Web page caption snippets
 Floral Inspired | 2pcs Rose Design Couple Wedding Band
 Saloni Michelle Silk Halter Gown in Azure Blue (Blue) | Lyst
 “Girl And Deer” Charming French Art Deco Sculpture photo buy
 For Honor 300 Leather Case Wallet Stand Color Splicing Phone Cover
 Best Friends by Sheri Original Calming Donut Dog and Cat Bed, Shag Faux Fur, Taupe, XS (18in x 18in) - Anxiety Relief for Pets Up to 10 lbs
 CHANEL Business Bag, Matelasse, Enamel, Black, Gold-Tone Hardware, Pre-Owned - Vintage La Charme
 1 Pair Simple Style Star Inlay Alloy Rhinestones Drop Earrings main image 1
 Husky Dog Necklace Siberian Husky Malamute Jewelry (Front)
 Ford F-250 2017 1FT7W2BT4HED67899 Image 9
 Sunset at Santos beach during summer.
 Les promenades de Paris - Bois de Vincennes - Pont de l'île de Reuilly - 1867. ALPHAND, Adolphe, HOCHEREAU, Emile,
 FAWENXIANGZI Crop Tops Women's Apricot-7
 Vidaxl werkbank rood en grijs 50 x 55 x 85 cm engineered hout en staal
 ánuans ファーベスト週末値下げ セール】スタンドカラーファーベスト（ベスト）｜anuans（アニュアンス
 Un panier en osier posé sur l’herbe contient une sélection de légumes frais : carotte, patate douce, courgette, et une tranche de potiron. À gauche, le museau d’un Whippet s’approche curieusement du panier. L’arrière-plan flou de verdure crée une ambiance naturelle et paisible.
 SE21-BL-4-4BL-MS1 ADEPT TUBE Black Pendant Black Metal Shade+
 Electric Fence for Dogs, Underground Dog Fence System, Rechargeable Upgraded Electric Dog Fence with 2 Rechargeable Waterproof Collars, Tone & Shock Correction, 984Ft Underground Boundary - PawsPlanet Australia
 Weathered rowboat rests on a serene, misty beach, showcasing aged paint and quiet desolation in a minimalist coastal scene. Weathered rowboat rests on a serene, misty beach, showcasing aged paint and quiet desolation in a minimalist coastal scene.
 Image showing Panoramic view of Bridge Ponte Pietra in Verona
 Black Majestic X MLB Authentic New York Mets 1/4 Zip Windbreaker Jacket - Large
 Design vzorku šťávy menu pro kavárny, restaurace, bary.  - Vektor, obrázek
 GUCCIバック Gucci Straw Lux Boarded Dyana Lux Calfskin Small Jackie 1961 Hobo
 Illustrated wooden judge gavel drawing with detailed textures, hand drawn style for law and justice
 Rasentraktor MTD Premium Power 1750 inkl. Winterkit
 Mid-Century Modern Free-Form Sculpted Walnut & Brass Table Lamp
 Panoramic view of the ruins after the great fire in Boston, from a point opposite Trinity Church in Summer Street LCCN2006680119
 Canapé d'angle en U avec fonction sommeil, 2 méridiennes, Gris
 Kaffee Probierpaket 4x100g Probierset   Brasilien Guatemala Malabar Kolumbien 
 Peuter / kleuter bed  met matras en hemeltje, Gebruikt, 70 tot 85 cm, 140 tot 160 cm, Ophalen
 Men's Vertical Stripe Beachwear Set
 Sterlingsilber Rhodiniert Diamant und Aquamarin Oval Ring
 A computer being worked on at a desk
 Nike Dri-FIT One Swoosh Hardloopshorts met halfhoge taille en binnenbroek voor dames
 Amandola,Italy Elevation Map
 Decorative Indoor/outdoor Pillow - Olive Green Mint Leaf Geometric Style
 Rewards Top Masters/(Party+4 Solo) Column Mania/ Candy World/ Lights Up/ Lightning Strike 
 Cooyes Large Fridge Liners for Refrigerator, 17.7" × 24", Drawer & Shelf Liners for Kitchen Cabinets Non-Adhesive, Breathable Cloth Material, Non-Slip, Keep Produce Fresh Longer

● **ASSIGNED TASK**
Extract, please, the lines from the start of the entries above through the one with "1 Pair Simple", both included, reproducing each exactly and adding nothing.

● **RESPONSE AREA**
 Floral Inspired | 2pcs Rose Design Couple Wedding Band
 Saloni Michelle Silk Halter Gown in Azure Blue (Blue) | Lyst
 “Girl And Deer” Charming French Art Deco Sculpture photo buy
 For Honor 300 Leather Case Wallet Stand Color Splicing Phone Cover
 Best Friends by Sheri Original Calming Donut Dog and Cat Bed, Shag Faux Fur, Taupe, XS (18in x 18in) - Anxiety Relief for Pets Up to 10 lbs
 CHANEL Business Bag, Matelasse, Enamel, Black, Gold-Tone Hardware, Pre-Owned - Vintage La Charme
 1 Pair Simple Style Star Inlay Alloy Rhinestones Drop Earrings main image 1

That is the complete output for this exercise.